This blog has reported on numerous occasions (see, e.g., here, here and here) about the creeping rise in state and local taxes around the country. Today we add Wyoming to this list. A bill currently being considered in the state legislature will permit counties to add a sixth sales penny tax for the purpose of street and highway maintenance, From the Casper Star Tribune:
The Wyoming Senate on Thursday approved for the second time a bill that allows voters to decide whether to impose a sixth-penny sales tax for road and street maintenance. The bill comes up for third and final vote in the Senate today. It previously passed the House. The Senate changed the bill Thursday to allow one-time major maintenance, renovation or reconstruction of a specifically defined section of public roadway not included in regular county operations. The tax would end when the specified amount of money has been collected. Sen. Curt Meier, R-LaGrange, said the amendment would allow small towns to fix their streets. Sen. Drew Perkins, R-Casper, said the amendment is contrary to the intent of the bill. “This is a significant policy change for the capital facilities tax,” Perkins said. To get the capital facilities tax on the ballot, the governing bodies in a county must approve the proposal.
The bill is seemingly inconspicuous. All it does is broaden the use of the sales tax for defined roadway maintenance and construction projects. What this means, though, is that those counties that choose to go for the higher taxes will effectively make that higher tax rate permanent. It is always easy to identify single projects of highway maintenance and construction that could be paid for with this tax.
What we have here is yet another example of a creeping increase in the permanent cost of government. If the bill set a specific date for when this sixth penny would sunset, it would be certain that there would not be an ongoing series of highway projects lining up to keep the revenues coming. But there is no sunset date in this bill. Instead, the bill caps the amount to be collected, which is coupled with an almost deliberate vagueness in the language on what projects the money can be used for. It is very easy for legislators to present to voters a list of projects similar to those that were paid for under the higher tax, that would merit an increase in the amount that can be collected under the tax.

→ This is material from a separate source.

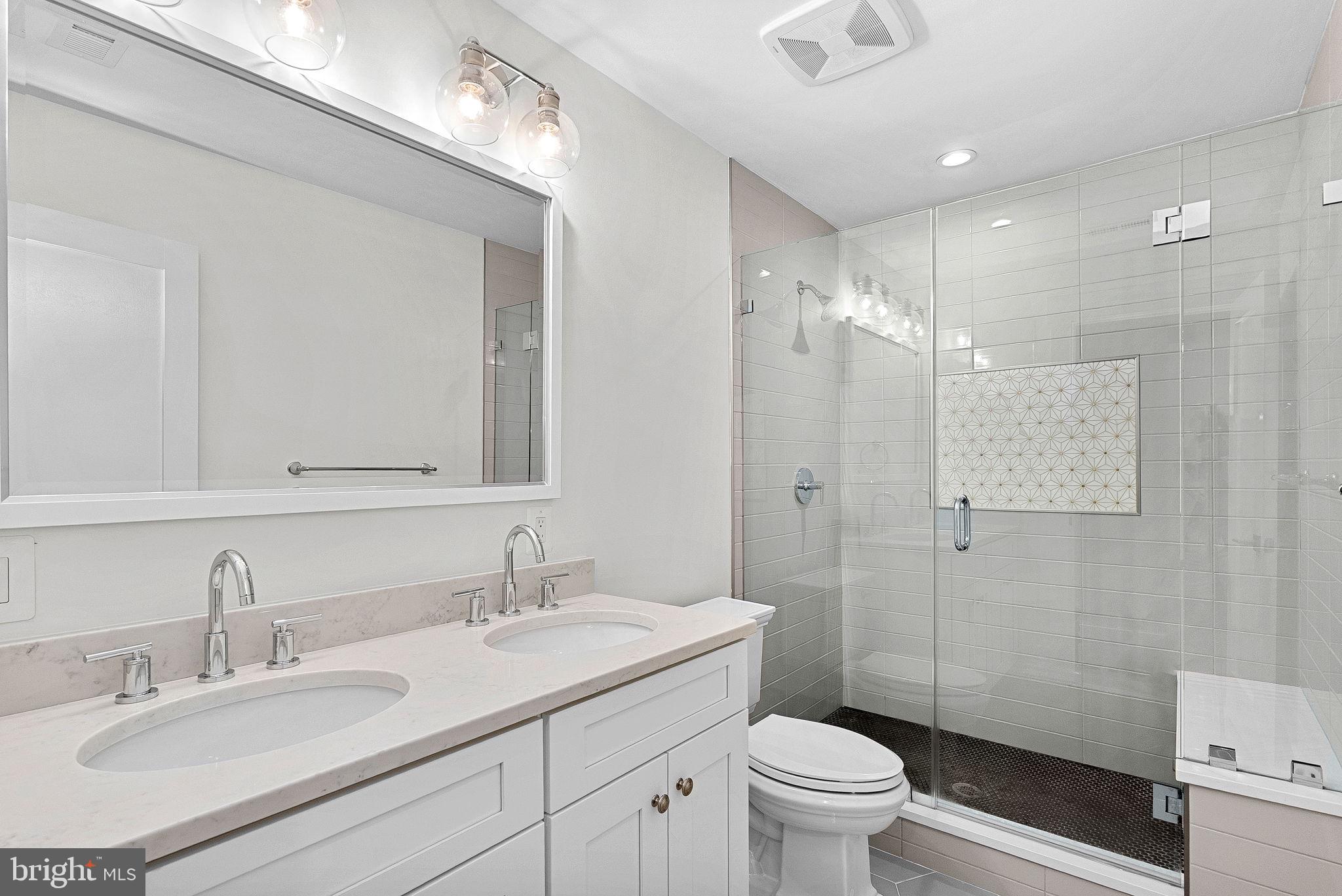 ARLINGTON FOREST - Residential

To put this tax increase in perspective: if all counties in Wyoming adopted this higher tax, the economic repercussions would be felt immediataely. According to a macroeconomic model used by Wyoming Liberty Group for economic policy simulations, a sixth sales tax penny statewide would reduce consumer spending to such a degree that the private sector would lose 2,400 jobs in the first year. If the tax is kept in place for four years the total loss, compared to no change in the sales tax, would exceed 6,000 private sector jobs per year.

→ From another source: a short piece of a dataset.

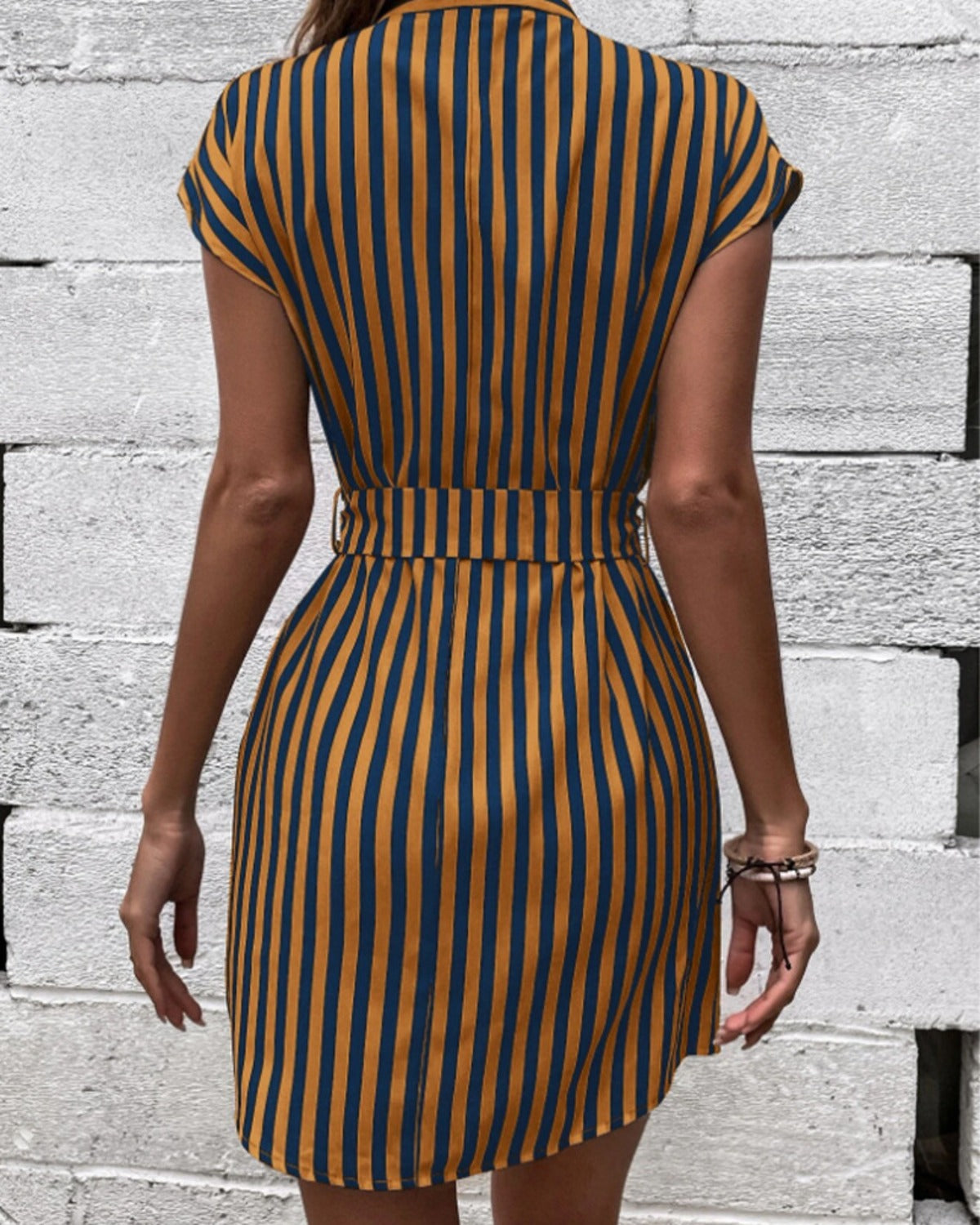 R&B | Ärmelloses gestreiftes Kleid mit Schnürsenkeln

There are other ways to fund highway maintenance. One is to pull government out of its non-essential functions and concentrate its spending on essential programs. This would lead to a reduction in government spending and open up for more funds toward streets, highways and other infrastructure projects. Wyoming has the largest state and local government bureaucracies – measured as the rate of state and local government workers to private sector workers – in the country. In other words, there is plenty of room here for government shrinkage.